Ich habe ihn wieder und wieder, so dass er mir noch im hohen
Alter präsent sein wird.
Nicht jede Nacht terrorisieren mich
diese Geister, manchmal habe ich vor ihnen Ruhe, so als
seien sie auf Streifzug, um andere mit ihrem Horror zu
verängstigen, aber dann sind sie wieder bei mir, und ich
kann mich nicht gegen sie wehren und muss ihre Bilder
unfreiwillig ertragen.
Wir befinden uns in Würzbug, meine
Mutter, mein Vater und meine 5 ½ Jahre ältere
Schwester. Ich erinnere mich an Wege die wir gingen, vorbei
an zerbombten Häuserfronten, deren Fassaden wie Mahnmale die
Straßen einfassten. Dahinter befanden sich die Schutthaufen
der meist ausgebrannten Häuser, über die eine dünn
sprießende Grünvegetation versuchte einen Schleier des
Vergessens wachsen zu lassen. Ich blickte beim Vorbeigehen
in die dunklen, scheibenlosen Kellerfenster, gebannt starrte
ich in sie hinein und hoffte was zu erspähen, was ich aber
in Wirklichkeit nicht sehen wollte. Tote Menschen. Und dies,
obwohl der Krieg neun Jahre vorbei war als ich zur Welt kam,
und ich ihn nicht miterlebte. Ich war gerade mal vier oder
fünf Jahre und fragte mich im Angesicht der Trümmer, wie
viele Menschen wohl noch unter den gebrochenen Steinen
liegen mögen.
Anfänglich ging ich lieber in
respektvollem Abstand an den Kellerluken vorbei. Die Seite
zum Straßenverkehr schien mir sicherer, aber meine Mama
wollte dies nicht, sie kannte auch nicht mein Ansinnen. Ich
vermutete, dass die bösen Wesen, die mich im Traum immer
wieder besuchten, hier irgendwo ihr Zuhause haben müssten.

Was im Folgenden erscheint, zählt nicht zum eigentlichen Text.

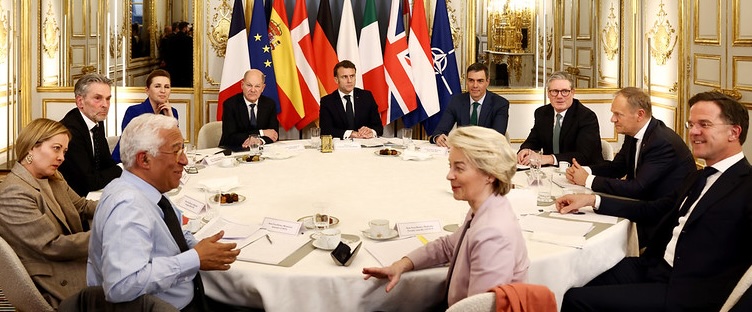 EU Leaders Hold Emergency Summit Following US statements Related to Ukraine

Ich versuchte ihre blutverschmierten Hände in der Dunkelheit
auszumachen, und fürchtete mich davor, wenn sie mich
blitzschnell mit ihren Armen in ein Kellerloch ziehen
würden. Mit dem Alter ließen meine Träume nach und auch die
Furcht vor den Kellerlöchern, so dass ich sogar den Mut
aufbrachte, kleine Steinchen in das Dunkel zu werfen, in der
Hoffnung, es möge sich etwas rühren. Aber es rührte sich
nichts. Wir wohnten in der Hartmannstraße 33, im obersten
Stock, es war eine Dachgeschoßwohnung mit schrägen Wänden
und Dachgauben. Die meiste Zeit des Tages verbrachte ich mit
meinem Bauklotzkasten. Es war eine Kiste mit den
unterschiedlichsten Klötzen, aber alle zusammen passten nur
nach einem bestimmten Schema in ihre Kiste. Es ließen sich
Städte, Paläste und Straßen damit bauen, und ich baute
stundenlang. Aber auch meine Fantasie zu Abenteuer konnte
ich in unserer kleinen Wohnung ausleben, indem ich die
Schubladen des Küchenschrankes halb herauszog und diesen als
Berg der Herausforderung bestieg. Nicht wissen durfte das
meine Mama, sie war von solchen Tollereien nicht angetan.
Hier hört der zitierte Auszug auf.